• [Task goal]
The expected output is the line with "Panini French Dip" plus all lines after it to the end of the material below, reproduced exactly, with pictures omitted and nothing else included.

• [Records to process]
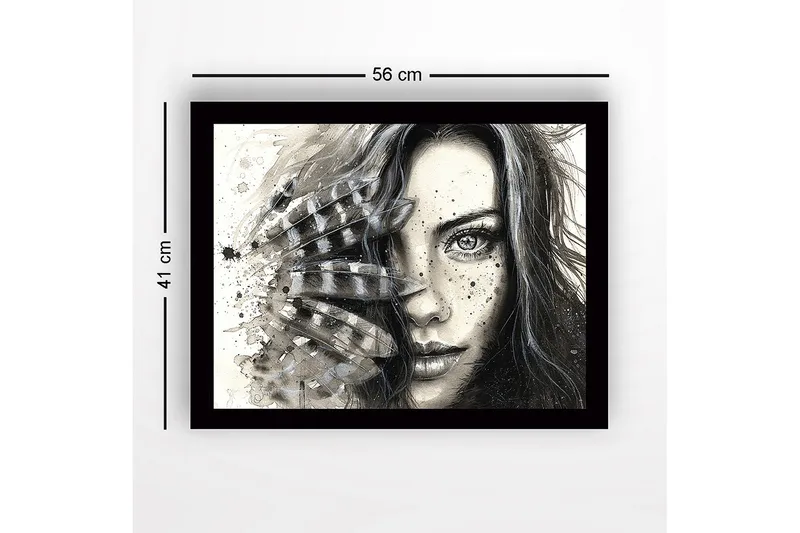 Innrammet lerret i tre - 41x56 cm - Portrett av en kvinne med fjær og abstrakte elementer - Svart / Grå / Beige - Innredning - Bilder & kunst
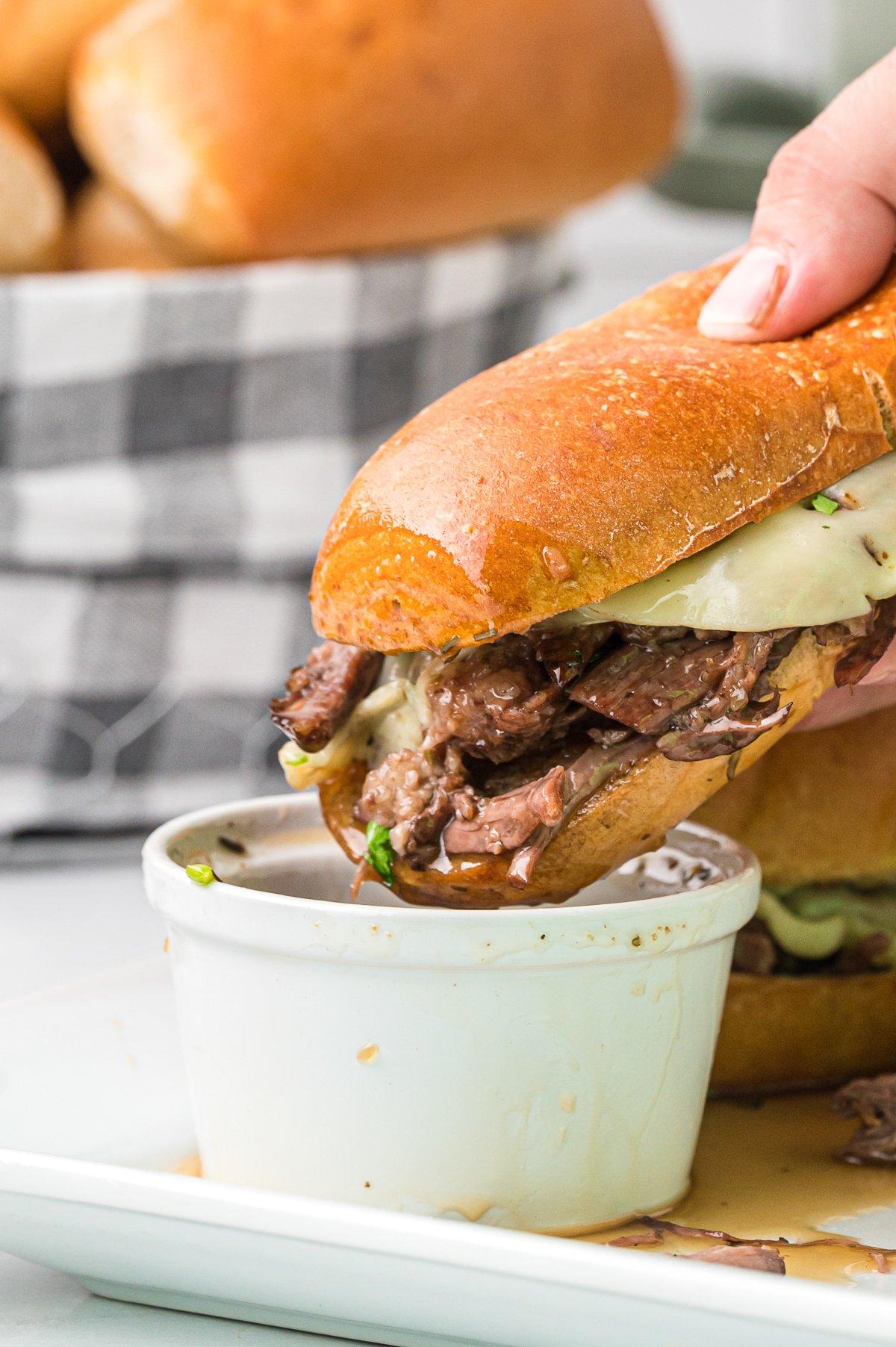 Panini French Dip a Cottura Lenta 2 Panino French Dip immerso nell'au jus.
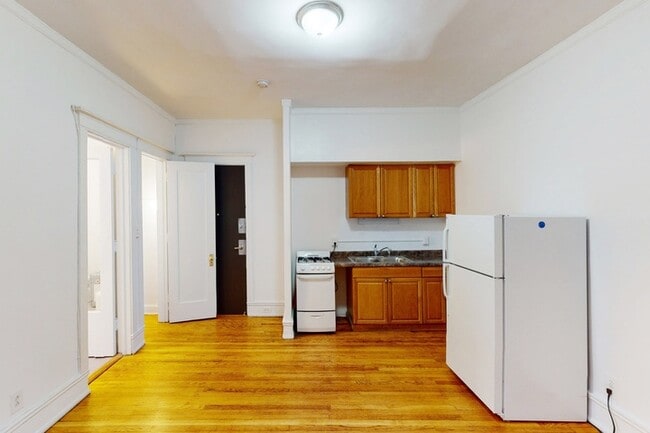 Floorplan - 5474-5480 S. Hyde Park Boulevard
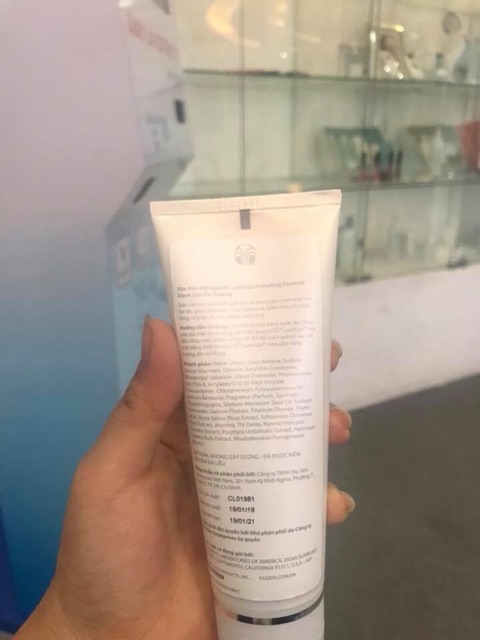 Sữa Rửa Mặt Lumi Spa da sáng mịn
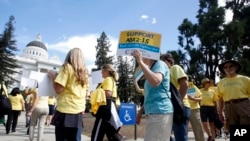 活动人士在加州首府萨克拉门托议会外举行集会,支持医生协助临终病患死亡(2015年9月24日)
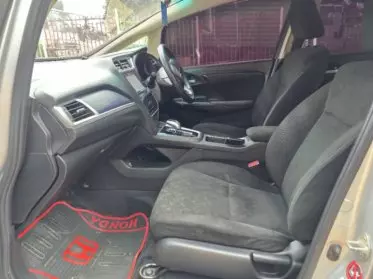 Honda Fit shuttle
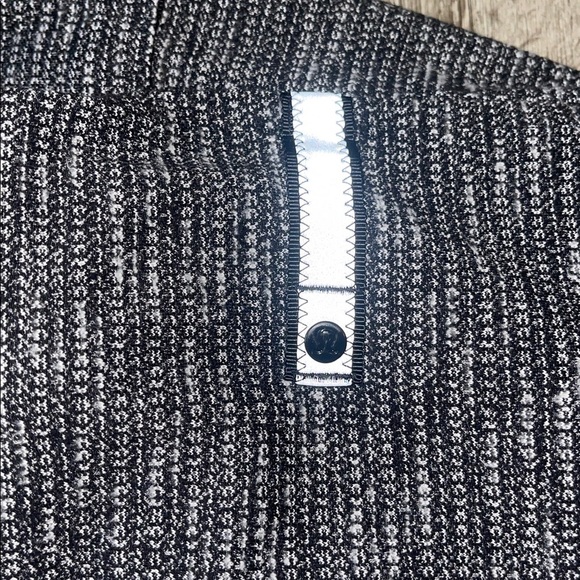 Lululemon Rulu Vinyasa Scarf black and white versatile infinity - Picture 3 of 6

• [Task response]
 Panini French Dip a Cottura Lenta 2 Panino French Dip immerso nell'au jus.
 Floorplan - 5474-5480 S. Hyde Park Boulevard
 Sữa Rửa Mặt Lumi Spa da sáng mịn
 活动人士在加州首府萨克拉门托议会外举行集会,支持医生协助临终病患死亡(2015年9月24日)
 Honda Fit shuttle
 Lululemon Rulu Vinyasa Scarf black and white versatile infinity - Picture 3 of 6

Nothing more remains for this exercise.